What would be the sense of having a railroad stop presence in a state capitol that has only seen better days with a covered wagon ?

Build it and they will come only to abandon it in favor of that SUV form of transportation.
The complexity of restoring rail service on previous routes or eminent domain to establish such service.
What time of the day or night would this service actually function for the traveling public consumer ?
Put politics on the back burner - good luck with this !


----------



## railiner (Sep 19, 2020)

railgeekteen said:


> Let's say that Amtrak received a mandate to serve every state capital on the lower 48, what routes would you propose to accomplish this goal?


You know I would have to say, the Amtrak National Limited....
Trenton, Harrisburg, Columbus, Indianapolis, and Jefferson City...five in one shot....


----------



## railiner (Sep 19, 2020)

Former SFZ...
Lincoln, Denver, Cheyenne, Salt Lake City, and Sacramento
Former Pioneer...
Lincoln, Denver, Cheyenne, Salt Lake City, Boise, and (E)Olympia
Silver Star...
Trenton, (does Washington, DC count as a capital?), Richmond, Raleigh, and Columbia


----------



## Qapla (Sep 19, 2020)

Simply restoring the Sunset Limited from NOL to JAX would restore service to Tallahassee


----------



## west point (Sep 20, 2020)

We do not know what "Sally" has done to the track ? Possible track will not be restored to passenger ability. We might only expect it to meet class 2 25 MPH specifications.


----------



## jiml (Sep 20, 2020)

ehbowen said:


> How about that we amend that to serving the largest population center in every state, or the largest two population centers if both are over 1M in the Metropolitan Statistical Area?
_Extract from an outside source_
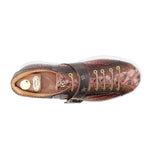 Harris Shoes 1913 Embossed Crocodile Print Buckle Sneakers Brown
This would seem to make a lot more sense, since some capitals are so tiny or out-of-the-way. (See South Dakota discussion.) It's no different in Canada where VIA serves only half of the provincial capitals.


----------



## TWA904 (Sep 20, 2020)

Montgomery, AL. You could split the Crescent in Atlanta and have a southern Crescent that goes Auburn, AL, Montgomery, AL continuing to Jackson, MS and Dallas.


----------



## Qapla (Sep 20, 2020)

west point said:


> We do not know what "Sally" has done to the track ?



True. Katrina knocked out a bridge. They used that as an excuse for years after the bridge was rebuilt. They even successfully tested it for passenger after that and still did not restore the train.

So, even if Sally caused no damage to the tracks it would make a good excuse to keep passenger off those tracks.


----------



## jimdex (Sep 20, 2020)

ehbowen said:


> How about that we amend that to serving the largest population center in every state, or the largest two population centers if both are over 1M in the Metropolitan Statistical Area?


I don't think either of these criteria are particularly relevant if you're looking for the system that would serve the most Americans. What I propose instead is a route system that would include stops in each of the top US metropolitan statistical areas (regardless of which states those MSA's are in), with a further requirement that the top 20 or so MSA's must be served between the hours of 7 am and 11:30 pm, and linked together on reasonably direct routes that require no overnight stays between trains.


----------



## sttom (Sep 22, 2020)

Connecting Carson City would require the construction of a brand new right of way since the V&T was dismantled sometime after WW2. I know the state says it wants to run trains between Reno and Carson City, but saying something sure as hell hasn't translated into constructive action. 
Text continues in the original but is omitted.